During Lent 2015 I will be exploring a number of persons who met Jesus, and for one reason or another left his company, and then re-engaged him at a later time. My hope is that in exploring these people who returned to Jesus, I can learn more about what it might mean for me to continually orient myself in a Christ-ward direction. Our reading for March 29 came from John 9:35-41 and focused on the day that Jesus healed a blind man and the conversations that ensued.
I am not sure how Google or FaceBook know what they know about me, but something in my internet history seems to indicate that I would be interested in seeing the recent film Unbroken. It’s the true, or at least true-ish, story of a young World War II Airman who is shot down, survives 47 days adrift in the Pacific Ocean, is captured by the Japanese, and endures some horrific treatment in POW camps.

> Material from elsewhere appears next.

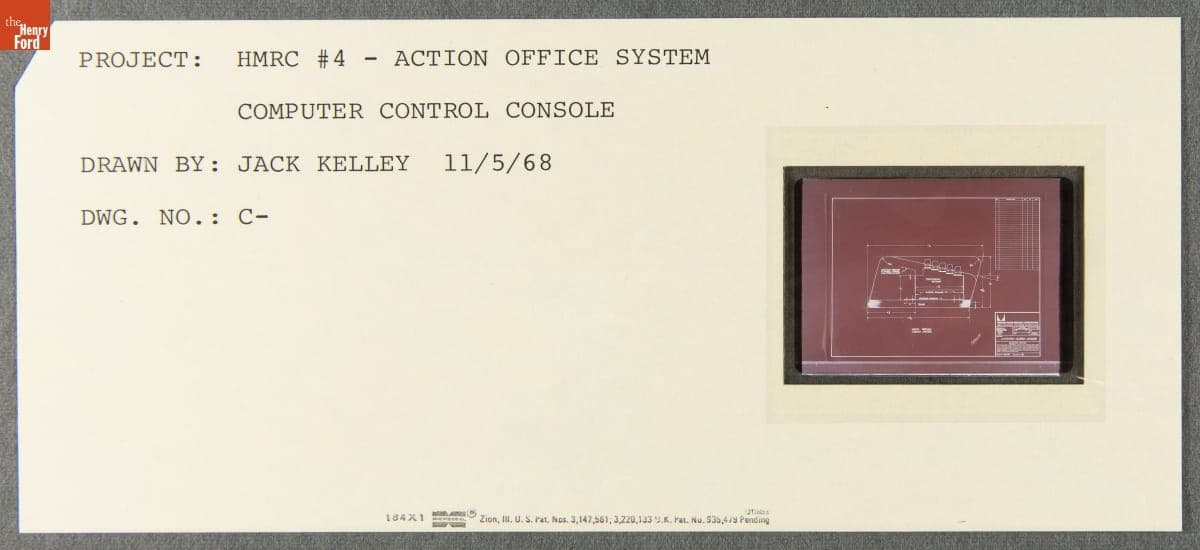 Technical Drawing, "Action Office System Computer Control Console," November 5, 1968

I have not seen the movie, but it would seem to me that it has something in common with other blockbusters of recent years such as Life of Pi or 127 Hours. In each of these cases, we follow the story of an amazing individual who is lost from society but who somehow holds on through grit, determination, or even cutting off one’s own arm in a desperate attempt to re-enter life, to re-engage the world on one’s own terms, or to succeed. We like those movies, and even if you are not familiar with those particular films, you’ve seen stories like that – we love to make them into movies.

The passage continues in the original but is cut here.